ASSIGNED TASK — From the line holding "from 10/16/25, 05:19" to the final line below, restate each line word for word and add nothing.

______________________________

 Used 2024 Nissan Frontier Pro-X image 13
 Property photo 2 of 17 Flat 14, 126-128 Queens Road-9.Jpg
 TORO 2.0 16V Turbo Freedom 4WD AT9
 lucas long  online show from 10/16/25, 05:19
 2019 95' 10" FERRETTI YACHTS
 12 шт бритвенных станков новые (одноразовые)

______________________________

WORKED SOLUTION —
 lucas long  online show from 10/16/25, 05:19
 2019 95' 10" FERRETTI YACHTS
 12 шт бритвенных станков новые (одноразовые)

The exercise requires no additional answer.